November 17, 2016

Orange-Cranberry Snowballs

Recipe: Kristen Eppich

Leave butter to soften on counter overnight to get it to the ideal texture for this batter.


  • 2 cups all-purpose flour
  • 1 tsp salt
  • 1 cup unsalted butter, softened
  • 2 cups icing sugar, divided
  • 1 1⁄2 tbsp grated orange rind
  • 1 tsp vanilla extract
  • 1⁄2 cup dried cranberries, chopped
  • 1⁄3 cup shelled, toasted pistachios, chopped


Yield: Makes 24

Make And Chill Dough 

  1. Mix flour with salt in medium bowl. Set aside.
  2. Cream butter with 1 cup icing sugar and orange rind in large bowl until light and fluffy. Stir in vanilla. Add flour mixture and stir until combined.
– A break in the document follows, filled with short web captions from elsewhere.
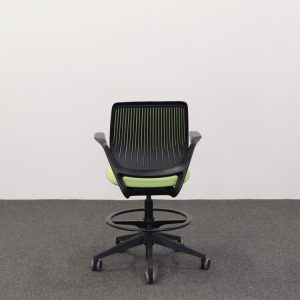 Kontorsstol Cobi grön STEELCASE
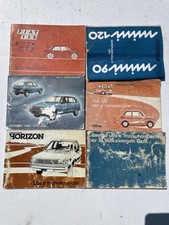 Lotto Libretti uso e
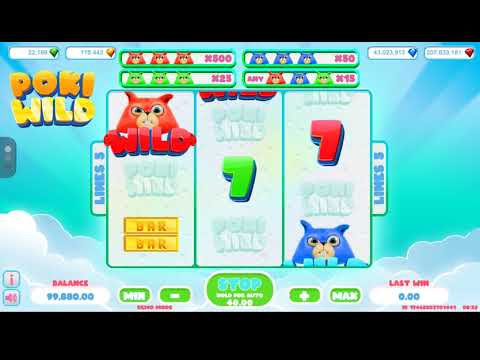 Poki Wild – Video Gameplay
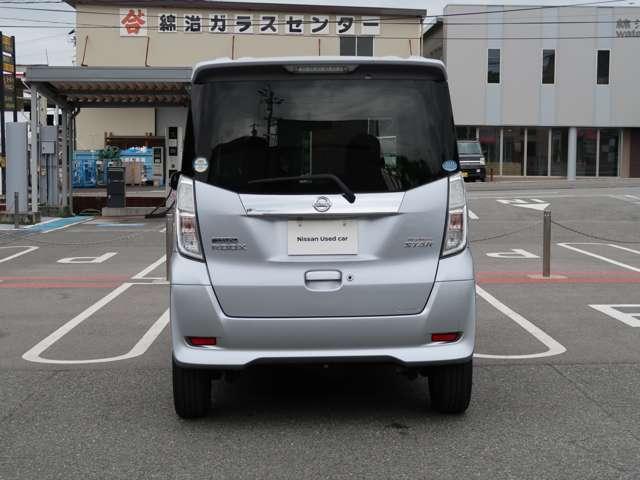 日産 デイズルークス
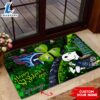Tennessee Titans NFL Custom Doormat The Celebration Of The Saint Patricks Day
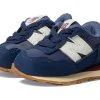 New Balance Kids 237 Bungee Lace (Infant/Toddler)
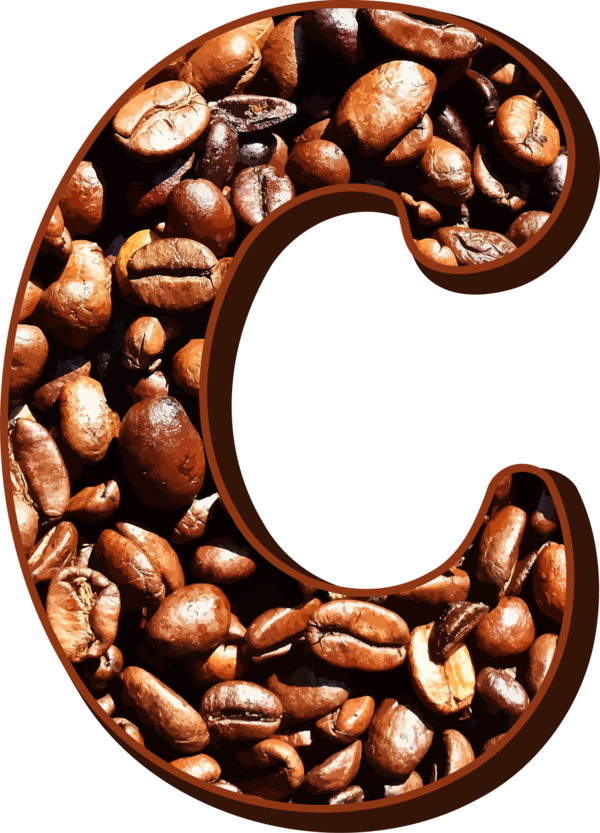 Free Coffee Jamaican Blue Mountain Coffee Cocoa Bean Food Clipart Clipart Transparent Background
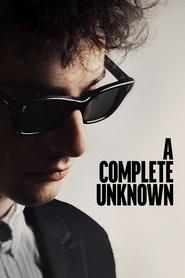 A Complete Unknown (2024) – Bob Dylan
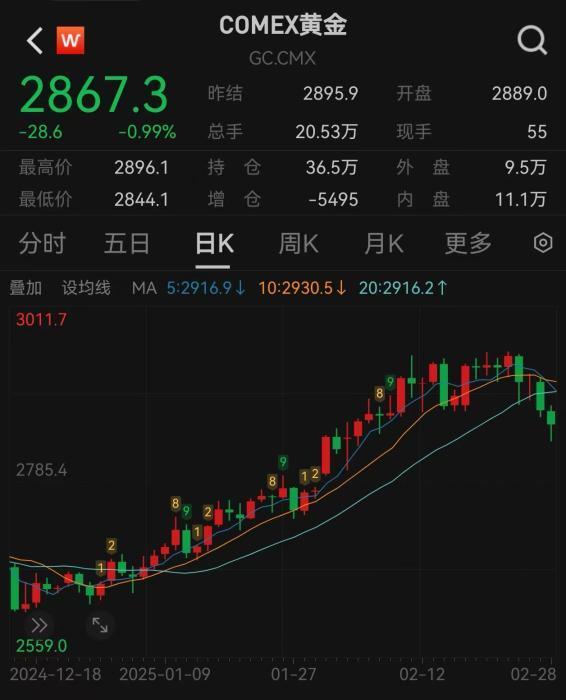 创历史新高后回落，未来金价还会大涨吗？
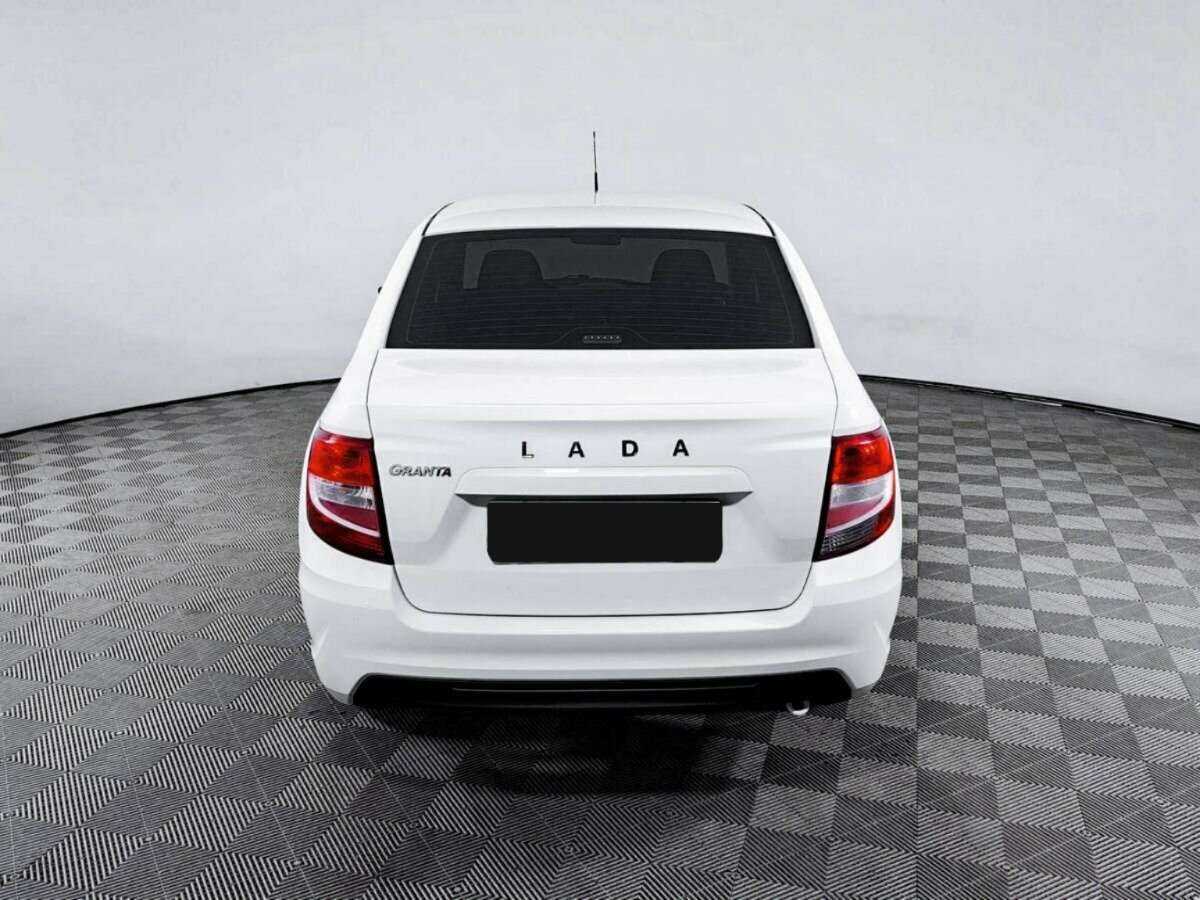 Lada (ВАЗ) Granta, 2020 Фото №6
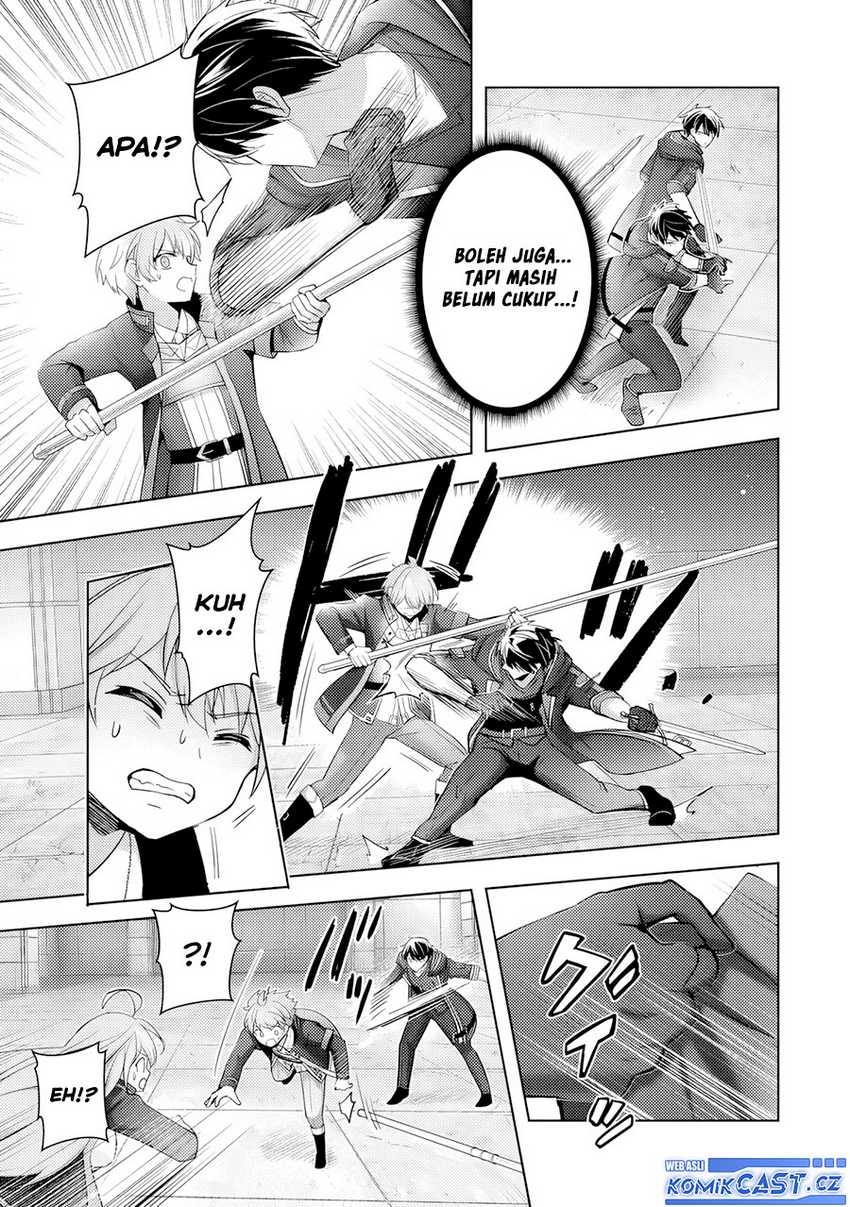 Yuusha Party wo Oida Sareta Kiyou Binbou Chapter 40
Stir in cranberries and pistachios.
  3. Form dough into ball. Press dough into disc and cover with plastic wrap. Refrigerate until firm, 1 hour or overnight.

Bake And Finish Cookies 

  1. Preheat oven to 325°F.
  2. Roll dough into 11⁄2″-diam. balls. Place on large ungreased baking sheet 1″ apart. Bake 18 to 20 minutes or until bottoms are golden. Remove from oven and transfer to wire rack to cool completely.
  3. Roll balls in remaining icing sugar to coat.